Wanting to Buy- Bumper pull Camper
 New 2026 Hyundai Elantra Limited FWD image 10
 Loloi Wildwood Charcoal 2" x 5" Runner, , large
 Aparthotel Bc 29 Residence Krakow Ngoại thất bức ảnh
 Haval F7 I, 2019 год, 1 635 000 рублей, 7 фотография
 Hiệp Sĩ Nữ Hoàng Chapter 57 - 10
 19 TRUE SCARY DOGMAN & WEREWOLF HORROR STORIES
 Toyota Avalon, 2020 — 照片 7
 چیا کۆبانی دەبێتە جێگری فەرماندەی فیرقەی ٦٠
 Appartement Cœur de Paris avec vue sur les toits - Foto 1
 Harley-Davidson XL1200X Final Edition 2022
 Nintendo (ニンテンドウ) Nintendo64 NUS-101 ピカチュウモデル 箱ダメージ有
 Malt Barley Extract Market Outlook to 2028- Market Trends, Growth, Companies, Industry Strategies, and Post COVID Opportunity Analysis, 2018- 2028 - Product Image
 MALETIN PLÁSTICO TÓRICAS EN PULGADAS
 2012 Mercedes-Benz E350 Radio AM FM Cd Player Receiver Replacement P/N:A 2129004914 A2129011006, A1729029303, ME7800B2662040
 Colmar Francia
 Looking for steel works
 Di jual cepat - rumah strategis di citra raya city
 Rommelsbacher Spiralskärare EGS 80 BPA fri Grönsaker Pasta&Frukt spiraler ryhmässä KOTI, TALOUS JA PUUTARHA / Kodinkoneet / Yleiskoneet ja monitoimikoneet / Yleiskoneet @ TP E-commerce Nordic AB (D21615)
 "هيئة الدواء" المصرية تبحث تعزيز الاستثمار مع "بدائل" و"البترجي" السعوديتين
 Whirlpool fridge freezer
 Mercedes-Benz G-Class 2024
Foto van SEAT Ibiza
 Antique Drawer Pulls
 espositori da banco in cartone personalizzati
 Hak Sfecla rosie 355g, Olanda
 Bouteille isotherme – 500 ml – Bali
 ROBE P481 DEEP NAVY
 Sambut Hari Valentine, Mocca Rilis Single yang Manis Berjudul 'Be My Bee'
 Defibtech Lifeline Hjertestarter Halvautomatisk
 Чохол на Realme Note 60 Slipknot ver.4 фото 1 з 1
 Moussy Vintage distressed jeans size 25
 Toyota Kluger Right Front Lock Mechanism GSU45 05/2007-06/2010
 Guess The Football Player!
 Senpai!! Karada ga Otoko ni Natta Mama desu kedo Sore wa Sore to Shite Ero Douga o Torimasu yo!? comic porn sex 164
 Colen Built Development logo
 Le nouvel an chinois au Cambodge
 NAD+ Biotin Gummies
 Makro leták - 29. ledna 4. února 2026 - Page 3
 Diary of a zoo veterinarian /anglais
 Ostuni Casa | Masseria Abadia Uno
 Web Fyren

Your assignment> Nothing but the line with "ROBE P481 DEEP NAVY" and the lines after it, through the end of the material, should appear in the output, word for word.

Finished task>
 ROBE P481 DEEP NAVY
 Sambut Hari Valentine, Mocca Rilis Single yang Manis Berjudul 'Be My Bee'
 Defibtech Lifeline Hjertestarter Halvautomatisk
 Чохол на Realme Note 60 Slipknot ver.4 фото 1 з 1
 Moussy Vintage distressed jeans size 25
 Toyota Kluger Right Front Lock Mechanism GSU45 05/2007-06/2010
 Guess The Football Player!
 Senpai!! Karada ga Otoko ni Natta Mama desu kedo Sore wa Sore to Shite Ero Douga o Torimasu yo!? comic porn sex 164
 Colen Built Development logo
 Le nouvel an chinois au Cambodge
 NAD+ Biotin Gummies
 Makro leták - 29. ledna 4. února 2026 - Page 3
 Diary of a zoo veterinarian /anglais
 Ostuni Casa | Masseria Abadia Uno
 Web Fyren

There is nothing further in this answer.